Between tests, the DRBD stores were allowed to fully resync. During some long-term tests, resync happened while client file system access continued.
Client/Initiator
Two operations were tested: dbench and data transfer and verification.
dbench is fairly cut-and-dry. It was set to run for upwards of 5000 seconds with 3 clients, while the SAN target nodes (c6 and c7) were subjected to migrations and fencing.
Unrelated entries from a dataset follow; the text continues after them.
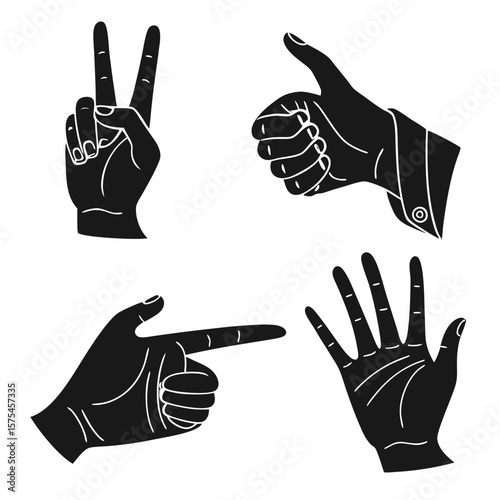 Black hand gesture icons peace thumb pointing open palm vector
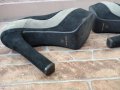 Стилни дамски велурени обувки с токчета, снимка 3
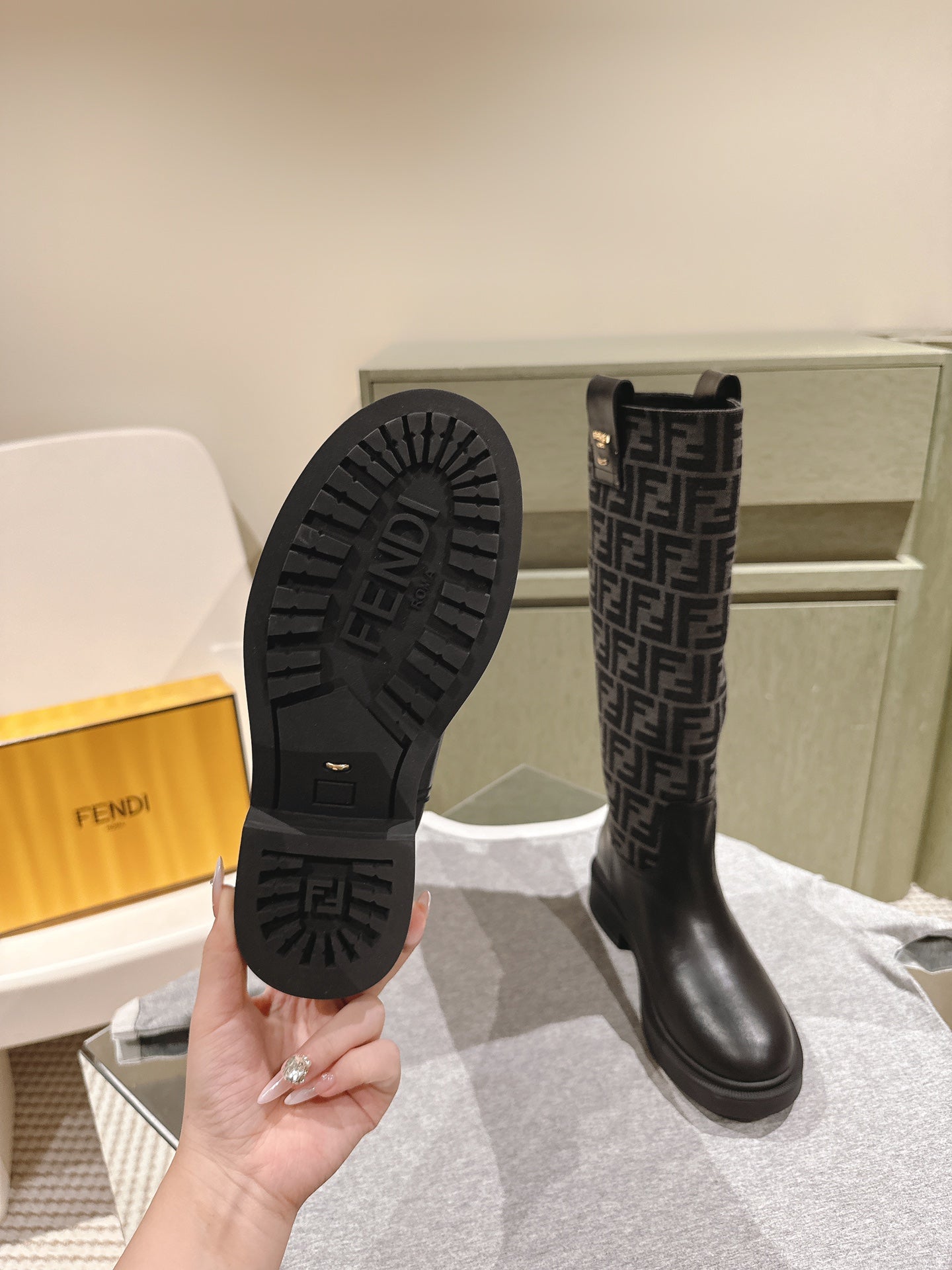 Fendi Long Boots F Pattern Black Cowhide 463749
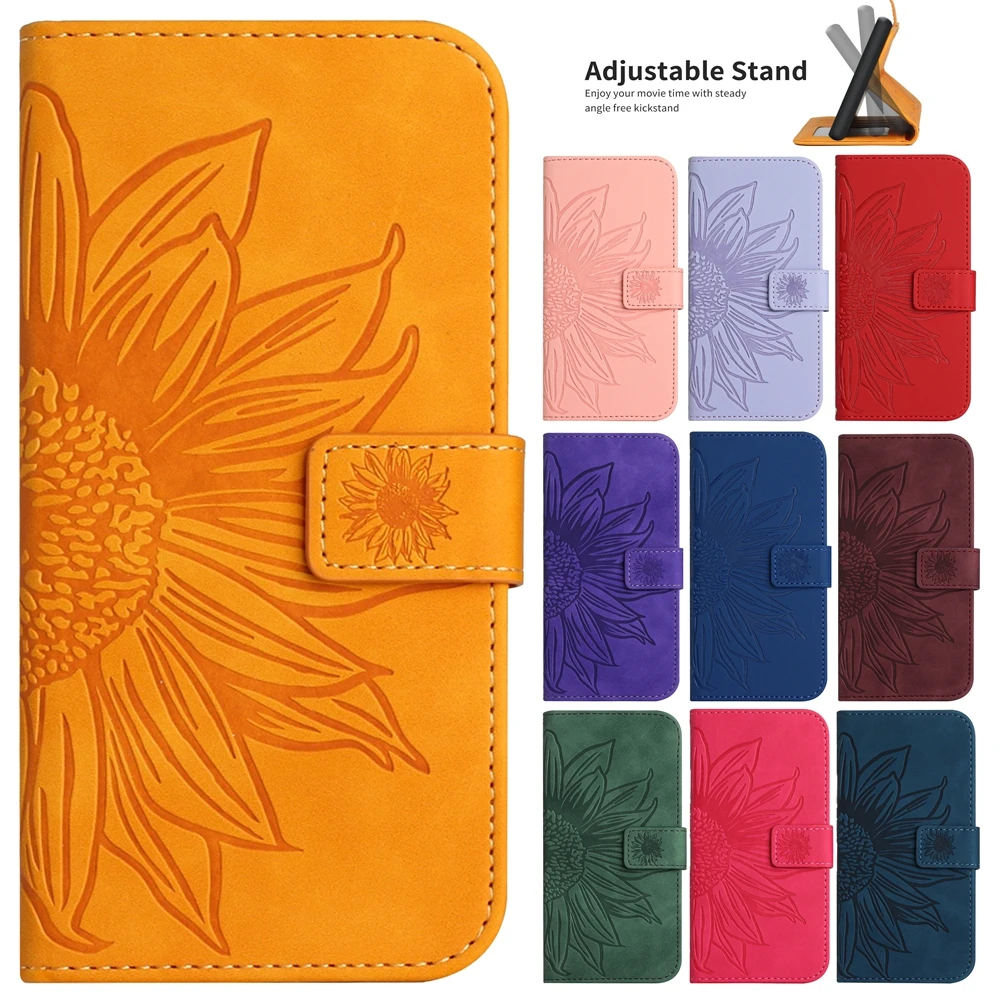 Wallet Phone Book Case for Funda OPPO A17 A16 A78 A15 A57 A54 A36 A76 A96 A74 A77 A55S A73 Cases 3D Sunflower Leather Back Cover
The data transfer and verification tests were more interesting, as they signaled corruption issues. For sake of having options, I created three sets of files with dd if=/dev/urandom. The first set was 400 1-meg files. The second set was 40 10-meg files. The last set was 4 100-meg files. Random data was chosen to ensure that no compression features would interfere with the transfer, and also to provide useful data for verification. SHA-512 sums were generated for every file. As the files were done in three batches, three sum files were generated. For each test, a selected batch of files was copied to the target via either rsync or cp, while migrations/failovers were being performed. The batch was then checked for corruption by validating against the appropriate sums file. Between tests, the target's copy of the data was deleted. Occasionally the target store was reformatted to ensure that the file system was working correctly (especially after failed failover tests).
Results - AoE
AoE performed extremely well with transfer rates and migration, but failed during verification tests on failover testing. This is interesting because it suggests the mechanism that AoE is using to push its writes to disk is buffering somewhere along the way. vblade is forcibly terminated during migration, yet no corruption occurred throughout those tests.
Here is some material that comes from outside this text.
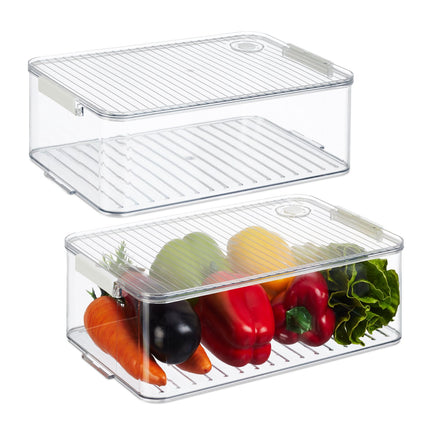 Fridge Storage Boxes with Lids, Set of 2, Date Display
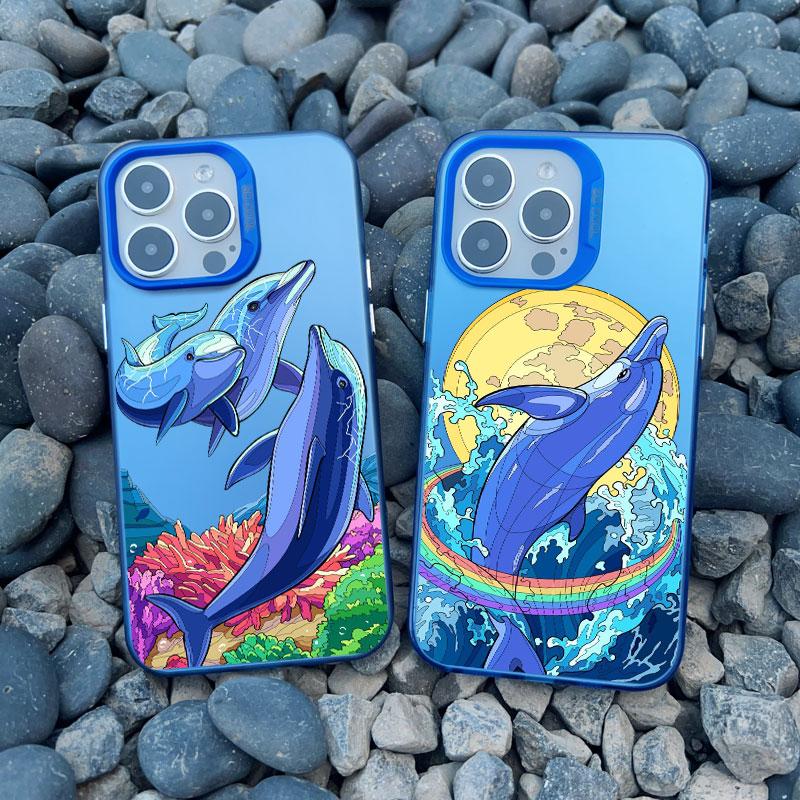 Summer Ocean Dolphin Print Phone Case For iPhone 16 15 13 12 11 Pro Max 16 14 Plus Pro Max 13 Mini Shockproof Bumper Laser Cover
Failover reliably demonstrated corruption; the fencing of a node practically guaranteed that 2-4 files would fail their SHA-512 sums. This can be fixed by using the "-s" option, but I find that to be rather unattractive. Yet it may be the only option.
Another issue: during a failover, the client might fail to communicate with the new target. Migration didn't seem to suffer from this. Yet on failover, aoe-debug sometimes reported both aoetgts receiving packets even though one was dead and one was living. More often than not, aoe would start talking to the remaining node, only to stop a few seconds later and never again resume. I've spent a good deal of time examining the code, but at this time it's a bit too complex to make any in-roads. At best, I've have intermittent success at generating the failure case.
One other point of interest regarding AoE: the failover is a bit slow, regrettably. This appears due to a hard-coded 10-second time limit before scorning a target. I might add a module-parameter for this, and/or see about a better logic-flow for dealing with suspected-failed targets.
Results - iSCSI
iSCSI performed, well, like iSCSI with regard to transfer rates - slower than AoE. My biggest fear with iSCSI is resource contention when multiple processes are accessing the store. Once the major issues involving the resource agent and the initiator were solved, migration worked like a charm. During failover testing, no corruption was observed and the remaining node picked up the target almost immediately. I will probably deploy with allow-two-primaries enabled.